_THE TASK_
Retype, word for word, every line from the one holding "Retirement celebration of" through the one holding "9908 Roundstone Trace, Louisville, KY 40223" in the entries below, both included, and only those lines.
*** Opening MATERIAL TO PROCESS ***
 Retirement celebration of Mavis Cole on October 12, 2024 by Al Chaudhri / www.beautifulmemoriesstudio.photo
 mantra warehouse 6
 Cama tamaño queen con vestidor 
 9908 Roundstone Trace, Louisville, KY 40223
*** Closing MATERIAL TO PROCESS ***
*** Opening MATERIAL TO PROCESS ***
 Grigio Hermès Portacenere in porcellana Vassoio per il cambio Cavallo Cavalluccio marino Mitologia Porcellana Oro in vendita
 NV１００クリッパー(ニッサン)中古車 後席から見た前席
*** Closing MATERIAL TO PROCESS ***
_TASK SOLUTION_
 Retirement celebration of Mavis Cole on October 12, 2024 by Al Chaudhri / www.beautifulmemoriesstudio.photo
 mantra warehouse 6
 Cama tamaño queen con vestidor 
 9908 Roundstone Trace, Louisville, KY 40223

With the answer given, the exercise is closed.